Re: Dual core Athlons and unsynced TSCs

From: David Lang
Date: Fri Jan 13 2006 - 16:21:37 EST


On Fri, 13 Jan 2006, Lee Revell wrote:

On Fri, 2006-01-13 at 10:56 -0800, Sven-Thorsten Dietrich wrote:
On Fri, 2006-01-13 at 10:55 -0800, thockin@xxxxxxxxxx wrote:
On Fri, Jan 13, 2006 at 01:09:51PM -0500, Lee Revell wrote:
Some apps/users need higher resolution and lower overhead that only rdtsc
can offer currently.

But obviously if the TSC gives wildly inaccurate results, it cannot be
used no matter how low the overhead.

unless we can re-sync the TSCs often enough that apps don't notice.


You'd have to quantify that somehow, in terms of the max drift rate
(ppm), and the max resolution available (< tsc frequency).

Either that, or track an offset, and use one TSC as truth, and update
the correction factor for the other TSCs as often as needed, maybe?

This is kind of analogous to the "drift" NTP calculates against a
free-running oscillator.

So you'd be pushing that functionality deeper into the OS-core.

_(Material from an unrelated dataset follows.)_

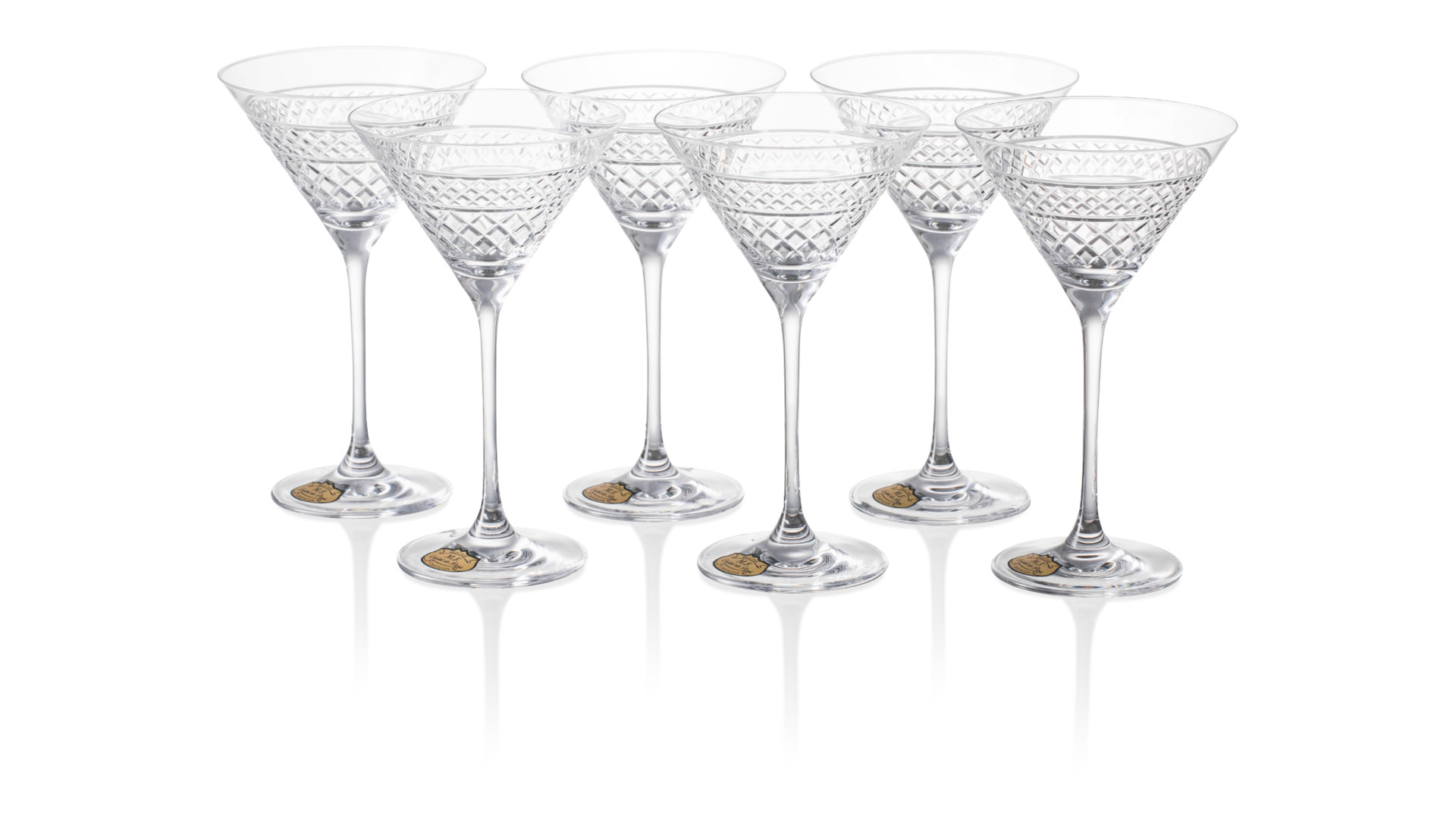 Набор бокалов для коктейля Cristal de Paris Король Георг 280 мл, 6 шт, хрусталь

Dave Mills had that "hardpps" stuff in there for a while, it might be a
starting point.

Just some thoughts for now...


It kind of makes you wonder what in the heck AMD were thinking, whether
they realized that this design decision would cause so many problems at
the OS level (it's broken at least Linux and Solaris). Maybe Windows
keeps time in a way that was unaffected by this?

Lee, the last time I saw this discussion I thought it was identified that the multiple cores (or IIRC the multiple chips in a SMP motherboard) would only get out of sync when power management calls were made (hlt or switching the c-state). IIRC the workaround that was posted then was to just disable these in the kernel build.

if this is the case then I could easily see the hardware engineers thinking that if the software did a sleep thing then it was up to the software to re-sync the TSC clocks when the wakeup takes place.

David Lang

--
There are two ways of constructing a software design. One way is to make it so simple that there are obviously no deficiencies. And the other way is to make it so complicated that there are no obvious deficiencies.